In this paper, we extend the result of [11] to the case of the generalized cone ratio DEA model [12], [14]. In other words, we consider the inverse DEA problem with ratio cone structure. The concepts of ratio cone [5], [14] are introduced to represent decision makers' preferences or pre-determined policies regarding the relative importance of different input and/or output entities. Such a preference cone is particularly important in short-term production planning or resource reallocation as it more closely reflects the management reality. In the process of short-term resource planning, decision makers do often regard some input/output entities as being more valuable or preferable than others. Or frequently it is the case that the availability of some inputs and the production of some outputs are subject to certain restrictions. With the preference cones, it becomes possible to incorporate such important information in the production planning process. In comparison with the previous inverse DEA model in [11], the inverse DEA model with cone structure provides a more effective means for the tasks of input/output estimation and resources planning. With the concept of preference cone, we can extend the Pareto solution in the inverse DEA model to the non-dominated solution, and discuss the resource allocation problem, given the decision makers' preference on inputs and outputs. Incorporating the ratio cone structure into the inverse DEA model provides additional advantages in supporting resource reallocation and production planning decisions but it also involves additional complexity in model mathematics. In this paper, we investigate the important properties of this extended inverse DEA model and provide some useful results for its real applications. We show that when the preference cones are linear convex, we can study the corresponding production possibility set and the production frontier under the DEA framework. We also show that under certain conditions, our model can be converted to the regular inverse DEA models reported in [11]. Numerical examples are included to illustrate the process of how to apply the model in real applications.

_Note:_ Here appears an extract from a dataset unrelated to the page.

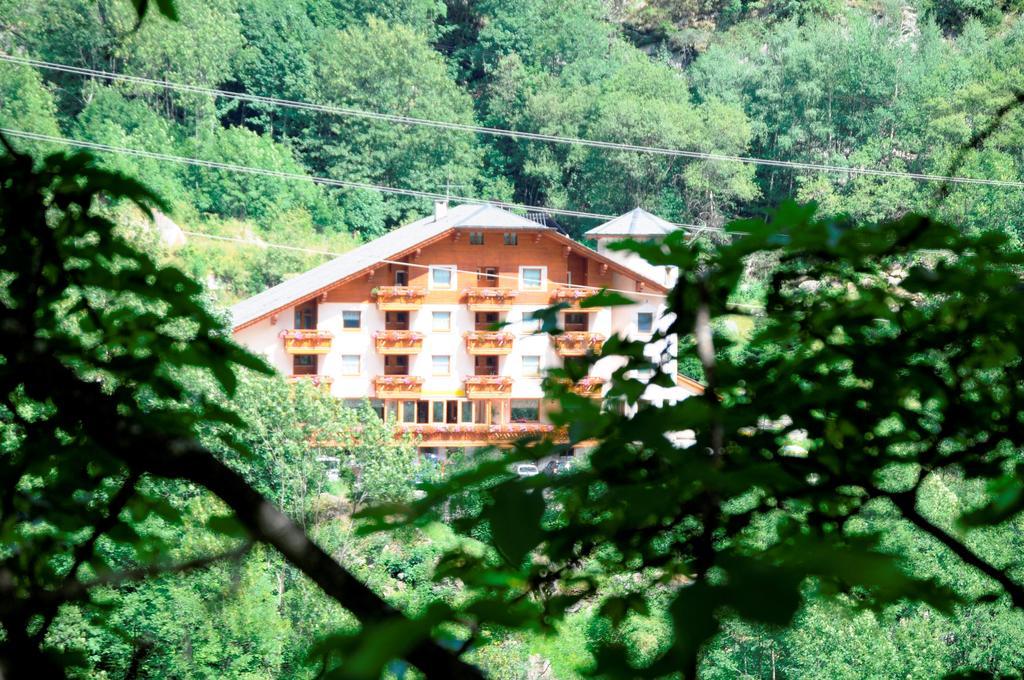 Alps Oriental Wellness Hotel Campodolcino Eksteriør billede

When considering production input and output estimation, a common approach is to employ various parametric forms of production functions or input/output distance functions, including the Cobb–Douglas, the constant elasticity of substitution (CES) and the translog function, to name just a few. The inverse DEA model presents an alternative means under a different framework. One main departure point is that the conventional approaches rely on DMU's existing production technology, which is obtained using the functional mapping of all given or technologically feasible combinations of inputs and outputs. The DEA model is based on an efficiency framework that is most favorable to each DMU's relative efficiency assessment, i.e. to achieve the maximal relative efficiency index value. The efficiency index value each DMU can achieve under the corresponding DEA model is determined by the inherent technological structure or strength of this unit, which is reflected by the multipliers in the model. When utilizing the inverse DEA model for production analysis, we assume that this technological structure is unchanged, or in other words, the relative efficiency index given by the DEA model remains constant. For a DMU which is classified DEA efficient, it is reasonable to require that any further production adjustments should guarantee that it remains in an efficient position after the adjustment. For a DMU which is DEA inefficient, an unchanging efficiency level implies that, in a short-term, there is no dramatic variation in its internal technological structure, and whatever alteration in input or output should ensure at least its present efficiency level. Some additional advantages of using the inverse DEA model for the tasks of production analysis or resource reallocation are:

1.
it can be naturally used for multiple input/output production without pre-assigned weights;
2.
it can be used for production input/output estimation and planning without knowing the true form of production function;
3.
the decision makers' preferences can be incorporated into the production analysis, especially by using the extended inverse DEA model proposed in this paper;
4.
the inverse DEA model is related to multi-objective programming or single-objective linear programming, which are well structured and studied with well-developed theories and useful results.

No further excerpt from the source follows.